Sunday, August 7, 2016

Almost at Plus 30 and not even a luftmensch

Last night I signed up for another post-grad course: Indexing theory and practice. I hope this investment works for me. “Investment” can be both helpful but can also be dangerous - keep one stuck in a bad place if one has invested a lot in it already. Stuck in a career, stuck in a relationship, stuck in a house. I have mistakenly invested in all three - I hope I am a bit wiser this time.

There are times I feel like I wasted the past 12 years and tens of thousands of dollars I spent as a school media specialist. I was only three credits from my “Plus 30”— the 30 post-MA graduate credits required to get a raise beyond my current levels. In my state, Plus 30 usually means an additional 3 or 4 thousand dollars a year. I came close about eight years ago, but made the mistake of taking my last two classes while going through divorce. It was too much for me to handle, and I didn’t finish either of them. When I switched districts, still paid at low levels because of the pay freezes of the past decade, I was determined to complete it. I needed three more classes. Three months after I started in the new district, I took a grant-writing for libraries course over the summer; in the fall, a theory course on classroom management which I was required to take anyway to make up for an error in my certification. So this summer, had I stayed in education, I would have taken my tenth course (iPads in Education was first on my list), thirtieth credit, and started with a raise this fall. 
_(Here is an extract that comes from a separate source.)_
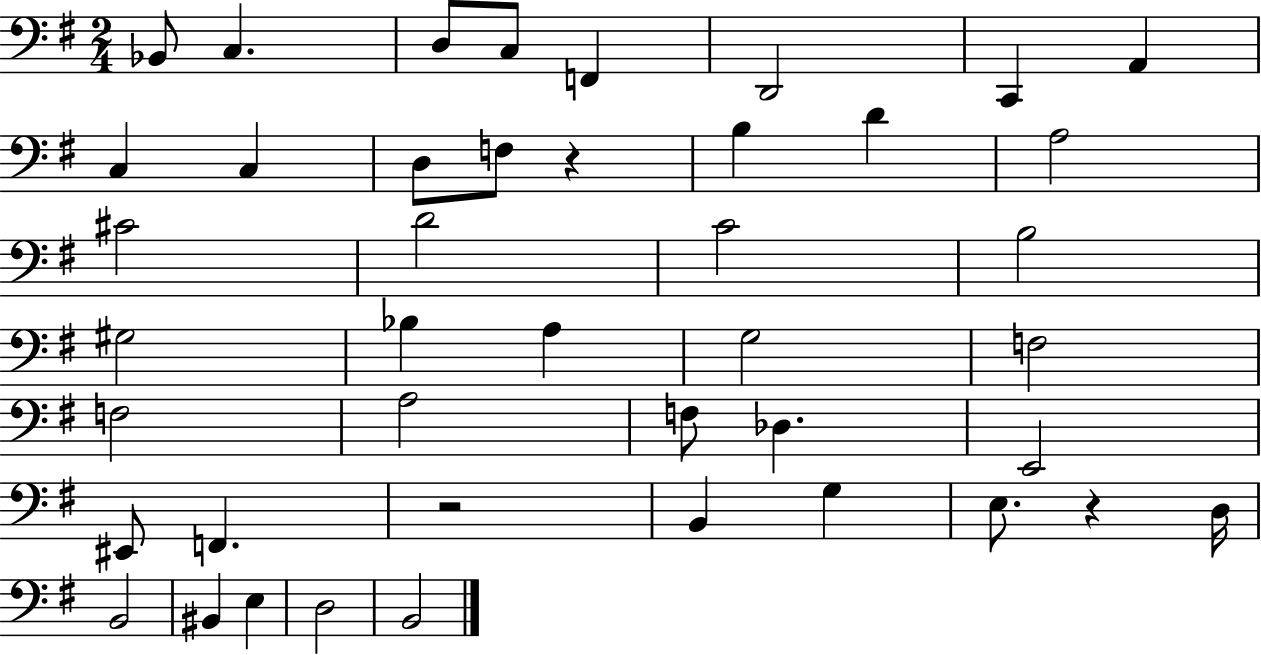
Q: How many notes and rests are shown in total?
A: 43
Except I didn’t. The new grant writing skills went to waste as I scrambled to meet the absurd and sabotaging demands of my principal and, even aside from her, the ever-increasing duties and paperwork required in the profession. I had written a grant for my daughter’s school, but the administrator who was receptive to it is no longer there, and I have learned to just let it go. 

The classroom management course I took last fall, in a way, made my situation worse, as I kept trying techniques that I thought would make a control-freak happy. There’s a lot to be said for a “bag of tricks” to deal with various student behaviors. However, it did not help for me to constantly try to apply new tricks in the situation I was in. Being pulled in so many directions - what I thought was right, what she wanted or said she wanted, what the professor wanted, what other teachers wanted - was counterproductive and took me off focus. I couldn’t think or operate coherently anymore, at least internally, by the time I finished the course in December.

Seven months later, it still kills me that I came so close, and even years ago, to that Plus 30 raise. It would have made a difference to my pension and unemployment benefits, too. At the same time, it was that hope for a raise, and all the money and time (summer months, mostly) I put into it, that kept me in a profession I should have left years ago. So, I have to make peace with that time, and money. And I can use it to my advantage in indexing - I have learned and read and been exposed to enough teacher education material to give me expertise in indexing it, once I learn the indexing techniques. 

And I am signed up for my tenth post-graduate course after all, even though it won’t benefit me in a school system. I’m not even sure it counts as post-graduate credit, since it’s an “extension” course. 

I’m not what some derisively call “a professional student” — maybe what others would call a luftmensch, constantly taking classes and not trying to make a living. Although a lot of my post-grad classes were wonderfully interesting, my theory and procedure-oriented courses were not, they were more of a time-suck than useful. 


I’m not taking Indexing for fun—as I noted to my friends, it’s something that would probably put the average person in a coma. And it’s a financial investment as well as time - about $700 plus books. But having tried out indexing and its software with M1, I find that I like it. For me, creating an index is like solving a puzzle, filling in blanks in a searcher’s mind, putting myself in the shoes of a 6-year-old new reader or a 50-year-old scientist or a 30-year-old fact-checker or a 40-year-old traveler. I have always like helping people find information - whether it was for the purpose of travel, for reading, for research - and this is another aspect of it. I find some of my dormant skills waking up as I try it out.